Pakistan's complicity in drone strikes

The Pakistani intelligentsia has long been critical of the military turning a blind eye to the US drone attacks

It was Obama who punctured Nawaz Sharif’s balloon taking all the hot air out of it.

Obama had played host to the Pakistani PM in the White House on October 23. He said not a word about the deadly drones that have been wreaking havoc on Pakistan’s tribal belt along the Afghan border. However, Nawaz, taking advantage of his Oval Office audience, made a fervent plea to his host to halt these strikes. He did so because his government — like the one before it — is under enormous pressure from the people of Pakistan to seek an end to the nightmare of frequent drone visitations.

None of the public or private accounts of the Obama-Nawaz encounter claimed the former made any commitment — or gave indication of any kind — to the latter to even consider reducing the frequency of drone strikes against targets in Pakistan, much less halt them altogether.

However, Nawaz tried to put a spin of his own on the issue, with both he and his minions claiming to the media that vibes from Obama were good and encouraging and there was good reason to believe that drone strikes would be drastically reduced, soon, if not ended altogether.

Nawaz was obviously playing politics. He’d embarked on his Washington yatra assuring the people of Pakistan that he’d be pulling no punches to seek an end to the scourge of drones from his Washington host.
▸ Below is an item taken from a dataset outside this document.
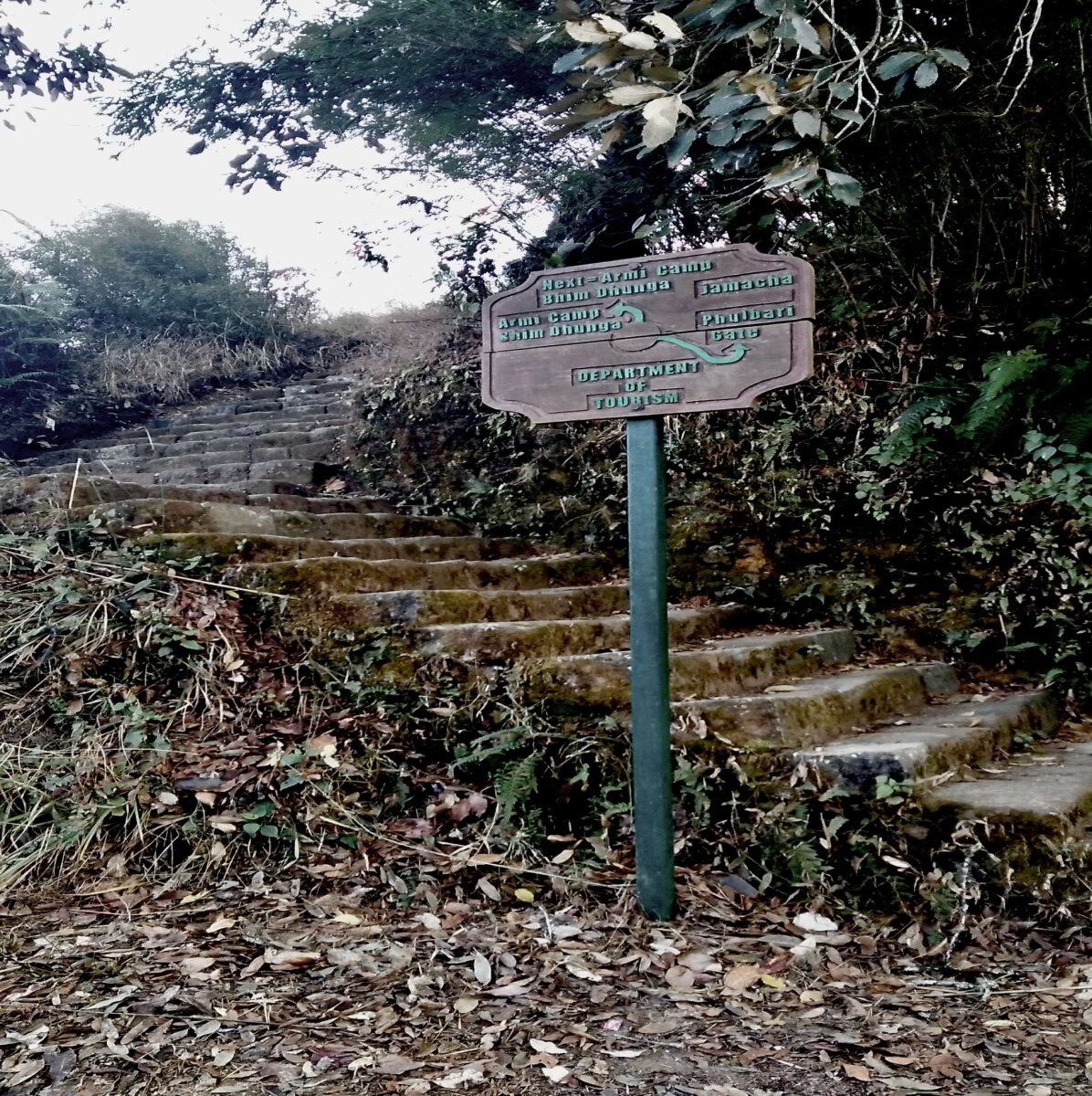 Way to Jamacho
His spin was understandable. It was typical of a leader given to giving airs to his stature. But the Pakistani people weren’t ready to buy his bombast. They’d heard such claims before, besides knowing so well their leaders’ craven pusillanimity when it comes to standing up to Washington.

They didn’t have to wait long for their leader’s bravado to unravel. The bluff was called when a drone struck Miranshah, the hub of the Pakistani Taliban in the notoriously wild and violent North Waziristan, on October 31 — merely eight days after Nawaz’ White House appearance. It killed at least three people: terrorists, according to Washington, innocent civilians, according to Pakistani sources.

A deadlier aftershock followed the next day, when a precision drone strike took out Hakimullah Mehsud, leader of the Tehreek-e-Taliban Pakistan (TTP) and four of his prime lieutenants, but also touching off another cyclic crisis of confidence between Islamabad and Washington.

The Government of Pakistan’s (GOP) reaction to Hakimullah’s death has been unusually sharp and combative, given that he was mortal enemy of the State of Pakistan, recognising neither its writ nor the sanctity of the law of the land. In a blunt and almost harsh media statement, interior minister Chaudhry Nisar, a crony of Nawaz, pointed the finger at Washington for sabotaging the peace process just hours before it was to be launched with TTP. Nisar threatened to review the spectrum of relations with Washington.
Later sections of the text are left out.